Ungarn Nettolohn steigt auf 718 Euro

Der durchschnittliche Bruttolohn für Vollzeitbeschäftigte in Ungarn stieg im Juli um jährlich 10,7 Prozent auf 362.595 Forint (1.079 EUR), teilte das Statistische Zentralamt (KSH) am Montag mit.
Die Nettolöhne wuchsen im gleichen Tempo und erreichten 241.126 Forint (718 Euro).
Rechnet man mit einem Zwölfmonats-VPI von 3,3 Prozent im Juli, stiegen die Reallöhne um 7,2 Prozent.
Ohne die 98.400 Ungarn in Pflegearbeitsprogrammen stieg der durchschnittliche Bruttolohn um 10,3 Prozent auf 372.613 Forint, während der Nettolohn im gleichen Tempo auf 247.788 Forint (737 EUR) stieg.
Ohne Pflegekräfte stieg der durchschnittliche Bruttolohn im Unternehmenssektor, zu dem auch staatliche Unternehmen gehören, um 11,8 Prozent auf 375.801 Forint.
Der Durchschnittslohn im öffentlichen Dienst stieg um 6,0 Prozent auf 368.152 Forint (1096 Euro).
Vollzeitbeschäftigte Pflegekräfte verdienten im Juli brutto 81.544 Forint (242 EUR), 1,5 Prozent weniger als ein Jahr zuvor.
Die Datenquellen zeigen, dass der durchschnittliche Bruttomonatslohn im Januar-Juli mit 668.673 Forint im Finanz- und Versicherungssektor am höchsten und mit 238.444 Forint im Sozial- und Gesundheitswesen am niedrigsten war.
Im Januar-Juli stiegen die Bruttolöhne im Jahresvergleich um 10,6 Prozent auf 359.911 Forint und stiegen ohne Pflegekräfte um 9,6 Prozent bei 370.314 Forint, ohne Pflegekräfte stiegen die Bruttolöhne im Unternehmenssektor um 11,3 Prozent und die Löhne im öffentlichen Sektor stiegen in diesem Zeitraum um 5,2 Prozent.
Vollzeitbeschäftigte Männer verdienten im Zeitraum brutto 393.900 Forint im Durchschnitt, Frauen 326.700 Forint Die Quoten stiegen auf Jahresbasis um 11,3 Prozent bzw. 9,6 Prozent.
Personen unter 25 Jahren verdienten durchschnittlich 276.100 Forint pro Monat, und der monatliche Durchschnitt lag bei 375.000 HUF für Personen im Alter zwischen 25 und 54 Jahren und bei 352.600 HUF für Personen über 54 Jahren.
Finanzministerium
Finanzminister Mihály Varga kommentierte die Daten
Die Reallöhne steigen seit 79 aufeinanderfolgenden Monaten, über sechseinhalb Jahre, allein im letzten Jahr betrug das Lohnwachstum sieben Prozent, zitierte das Ministerium Varga.

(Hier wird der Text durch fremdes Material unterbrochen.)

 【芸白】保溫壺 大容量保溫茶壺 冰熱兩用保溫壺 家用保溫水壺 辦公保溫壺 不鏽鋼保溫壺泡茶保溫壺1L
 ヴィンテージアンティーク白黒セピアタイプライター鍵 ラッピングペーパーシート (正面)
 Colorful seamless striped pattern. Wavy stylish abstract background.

Gestattet durch ein beträchtliches Wirtschaftswachstum, Steuersenkungen und Lohnerhöhungen im öffentlichen und privaten Sektor seien die Nettolöhne in Ungarn seit 2010 um 86 Prozent gestiegen, sagte VargaDie Regierung rechnet mit einer Fortsetzung der positiven Trends, mit weiterem Lohnwachstum und wachsendem Konsumfügte Varga hinzu.
Analysten
Analyst András Horváth von der Takarékbank sagte gegenüber MTI, er gehe davon aus, dass das Lohnwachstum aufgrund des angespannten Arbeitsmarktes und der rekordtiefen Arbeitslosigkeit in der kommenden Zeit intensiv bleiben werde.

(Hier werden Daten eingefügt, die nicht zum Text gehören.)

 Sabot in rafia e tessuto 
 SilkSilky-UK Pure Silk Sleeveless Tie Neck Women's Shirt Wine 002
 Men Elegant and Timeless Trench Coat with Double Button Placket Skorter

Péter Virovácz von der ING Bank stimmte dem zu
Das in den ersten sieben Monaten des Jahres 2019 gemessene durchschnittliche Lohnwachstum von 10,6 Prozent könnte sich fortsetzen, obwohl mit der Verschlechterung des außenwirtschaftlichen Umfelds auch die Abwärtsrisiken zunehmen.